NEW SENATE CANDIDATE!
He’s been out of office since the first weeks of 2007, but former U.S. Congressman Ed Case has returned to fight again. During the early evening hours of Friday, Aug. 26, Democrat Case held his first official meet-and-greet for supporters and well-wishers on Maui as part of his campaign to succeed U.S. Senator Daniel Akaka, who has decided not to run for reelection next year. There, in a small parking lot on Main Street in Wailuku, Case held court (and handed out copies of his new and improved Case Family Home Cooking cookbook) with a few dozen pols and students while volunteers served up an impressive spread of local grinds (rice, noodles, spring and summer rolls, meat sticks, as well as plenty of fresh cut veggies and fruits). Representative Gil Keith-Agaran, D-9th District, stopped by, as did county mayoral aide Mike Molina and former state senator (and county Liquor Control Adjudication Board member) Joe Tanaka.

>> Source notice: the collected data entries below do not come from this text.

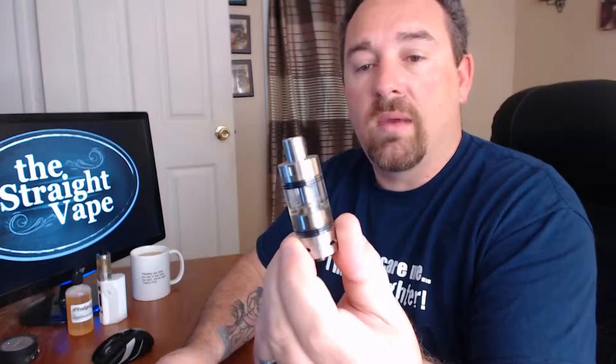Like this here — this is an RDA. Because there's no tank or anything, you just drip juice onto it. You drip it right through there and then you vape it. That's a JBO Whismac Indestructible — a great little RDA.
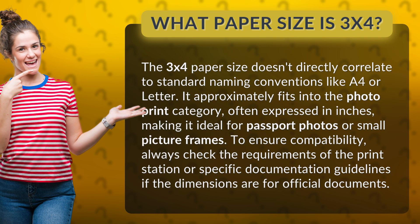To ensure compatibility, always check the requirements of the print station or specific documentation guidelines if the dimensions are for official documents. The 3x4 paper size doesn't have to be used as a product.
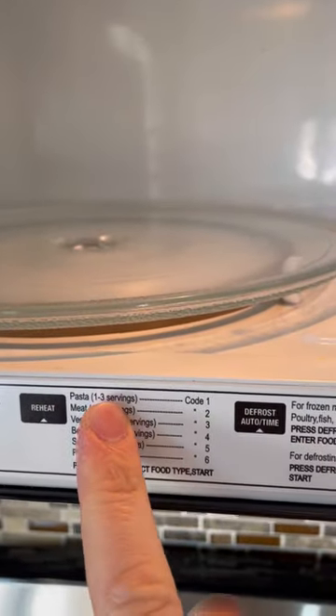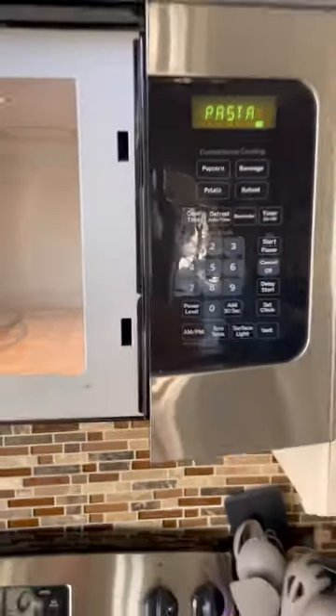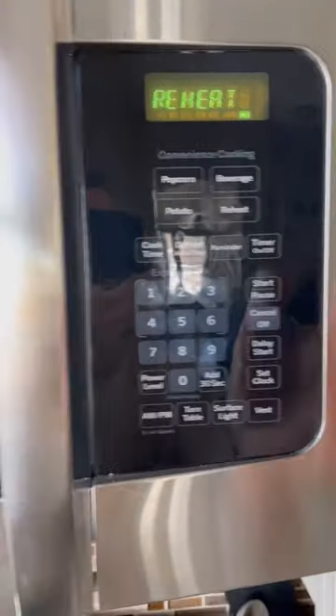Go up here to reheat, press that. Let's say we want to do pasta — it'd be number one. You don't have to close it to press the buttons. Go ahead and close it, press start, and there you go.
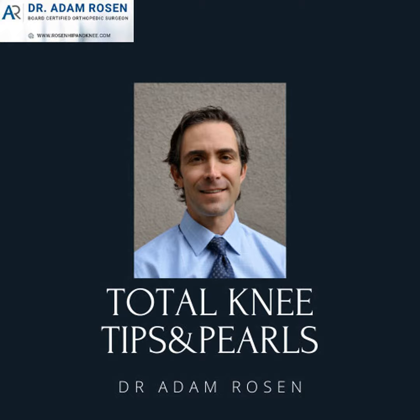Hello and welcome back. This is Adam Rosen and you're listening to the Total Knee Tips and Pearls podcast. In today's episode, what we're going to do is talk about DFRs.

Case, who represented Hawaii’s 2nd District in the U.S. House from 2002 to 2007, was an odd duck. A fiscal conservative who supported President George W. Bush’s War on Terror (as well as the wars in Afghanistan and Iraq), Case also stood among the House’s most pro-environment members. A moderate floating in a sea of partisans, Case wanted the budget balanced and climate change brought under control.
His 2006 decision to challenge Akaka—who then had no intention of giving up his Senate seat—angered party loyalists and forced Case to give up what had been a safe House seat. With the partisan rancor even hotter and nastier these days, it’s not easy to say what good a moderate like Case could do in the open senate race, but it will be fascinating to watch him try.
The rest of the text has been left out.